Once taken into custody, Jones admitted that he had swerved
initially because he was trying to roll a joint.
A
partially rolled joint and 43 oxycontin pills were found in Jones'
vehicle and he is held on charges of drunken driving, possession with
intent to deliver narcotics,
disregarding an officer’s signal, maintaining a vehicle for keeping a
controlled substance, possession of marijuana, malicious mischief by a
motor vehicle, reckless driving and no proof of insurance.
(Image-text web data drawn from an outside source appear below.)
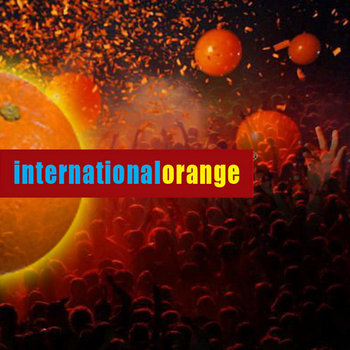 International Orange cover art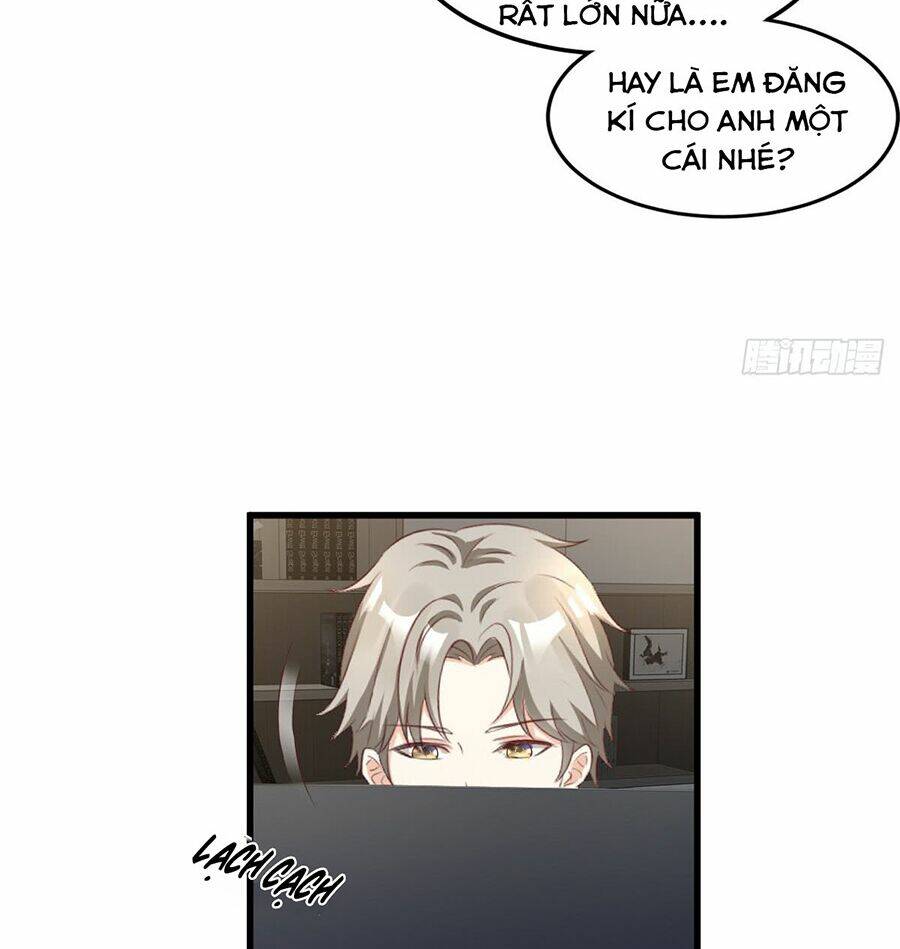 Tư Sủng Cục Cưng Bảo Bối: Chapter 23.1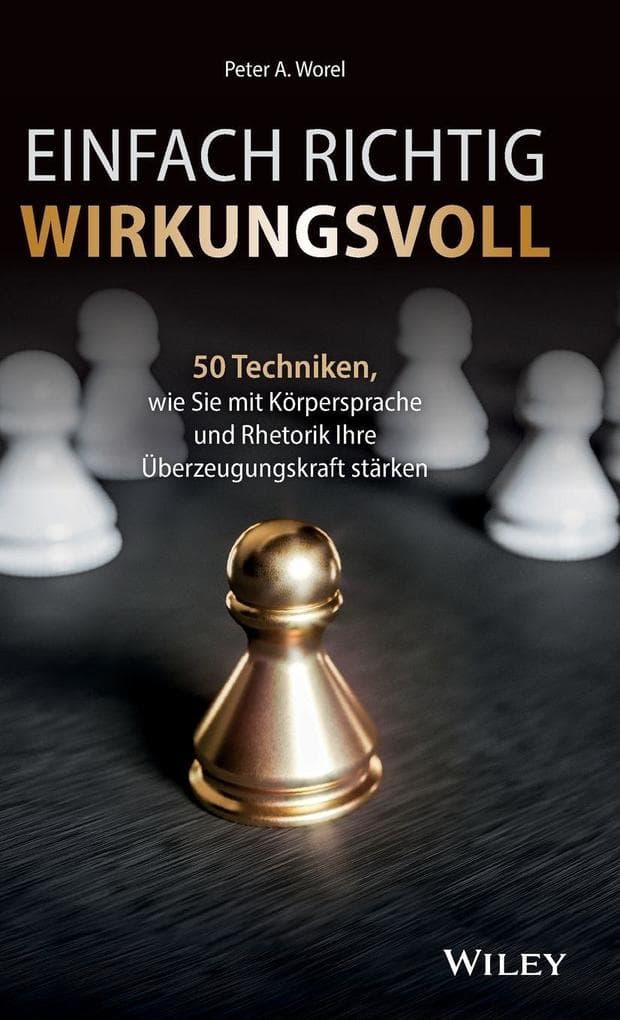 Einfach richtig wirkungsvoll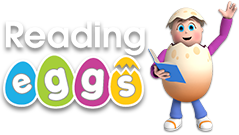 Reading Eggs's logo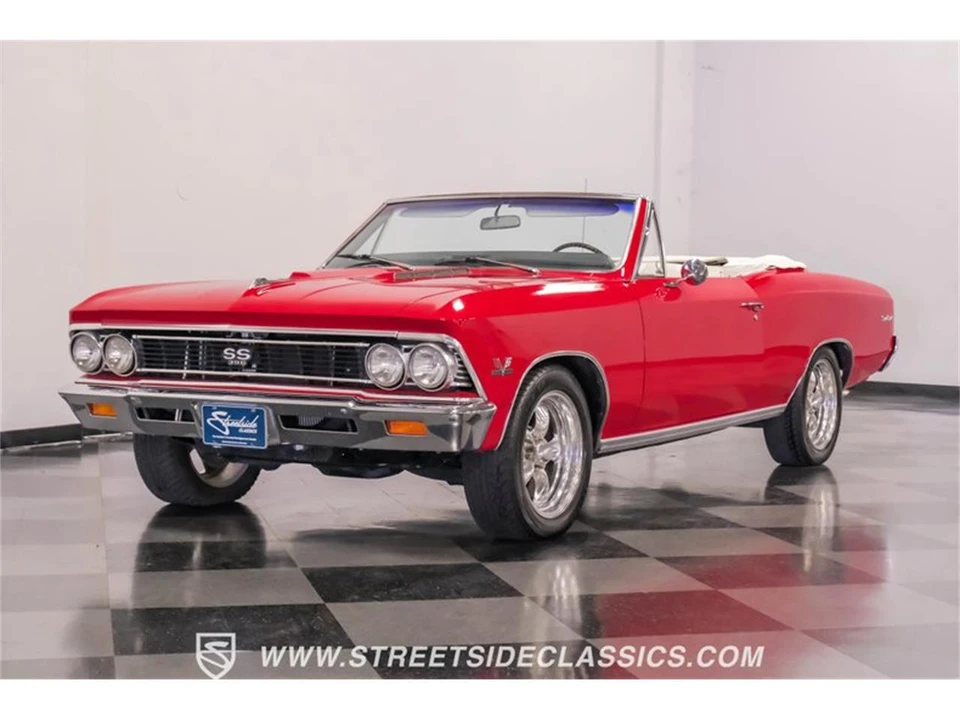 1966 Chevrolet Chevelle 1st Gen - Image 5 of 31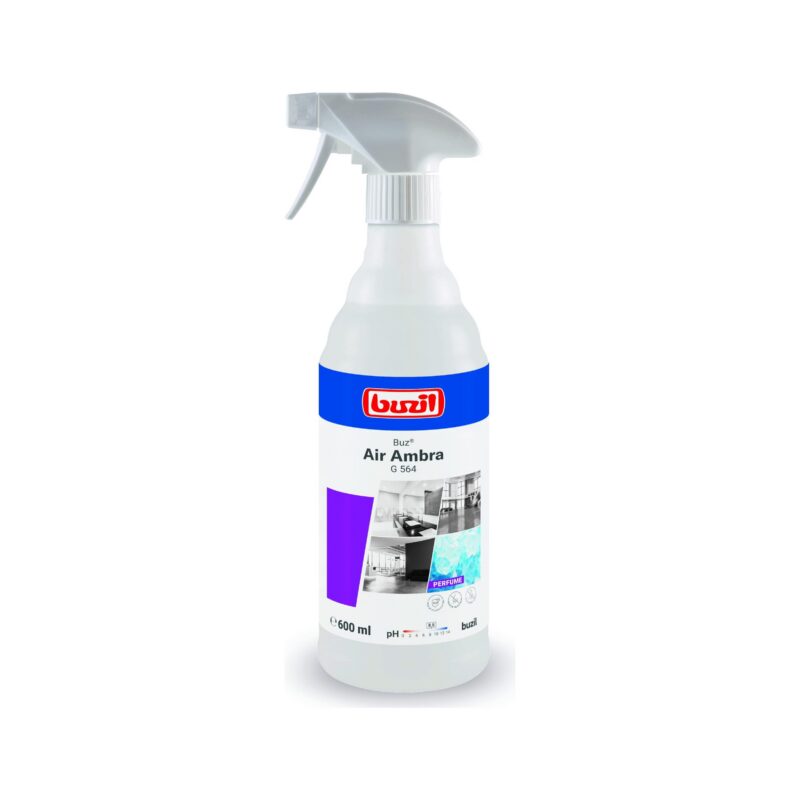Buzil Buz Air Ambra G564 600ml z funkcją neutralizatora zapachu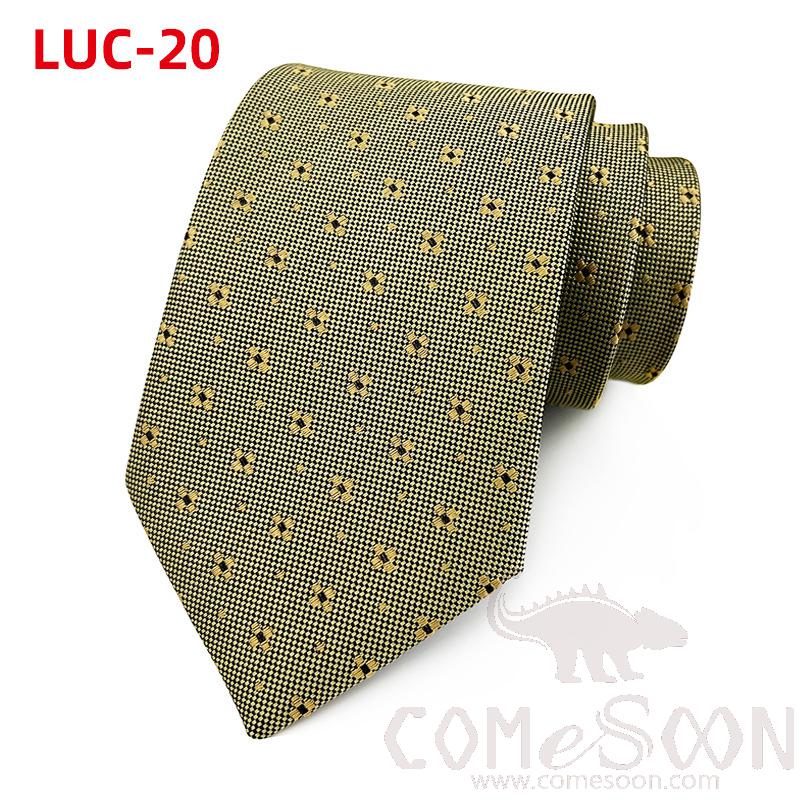Necktie, Polyester, W8*L145cm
How much gas is in there? Wait, I'll light a match to see...
Formal
charges haven't yet been filed yet against a female accomplise,
possibly because local authorities are still laughing to hard to write,
but a man in Wisconsin was stealing gas from another persons vehicle
when he couldn't see how much he had siphoned out. In a stroke of
brilliance the man decided to use his cigarette lighter to check the
level of gas in the container.
You can guess what happened next
which resulted in the man being left with burned hands and neighbors
calling police. The charges the man is being held on includes
this ironic tidbit: negligent use
of burning materials. And people say cops have no sense of humor :).
Real Life Newman
In an example of life imitating
art, more than 9,000 pieces of mail were found in a Livingston county
storage unit rented by former rural postal carrier Jill Hull. Some of
the mail had postmarks dated as far back as 2005.
Hull,
34, was a rural carrier for 3 1/2
years until her resignation Aug. 16. Three weeks later, after she fell
behind in payments, the storage space in Fowlerville was opened,
revealing loads of undelivered mail, postal agent Douglas Mills said.
"When
asked why she did it, Hull stated that she could not do the job but
needed the job," Mills said in an affidavit to support a theft charge
filed in federal court in Detroit.
"She
said after a couple of weeks of doing this, she realized that nobody
seemed to notice that she did not deliver it. I wonder if she got the
idea from Seinfeld?
What
goes around come around...
Deputies for the Baker County Sheriff's Office in Sanderson, FL
recently responded to a domestic disturbance at a home in their
jurisdiction. During their investigation the Deputies took the husband
into custody and decided they would arrest the wife as well. This is
where things went bad for her.
The wife, 63-year-old
Mary Davis, had other ideas and ran to her minivan which was parked in
the driveway leaving the driver's door open (this becomes important later). She then attempted to run over
one of the Deputies on scene.
After missing the Deputy, Davis tried to flee the scene by backing out
of the driveway but ran into the families lawn mower. Davis then fell
out of the van and it continued, out of control doing circles in front
of the home. As the van completed it's first circle Davis was run over
and received critical injuries. The van ultimately stopped by running
into one of the responding Deputies cruisers.
The BCSO advised they will file charges against Davis when she recovers.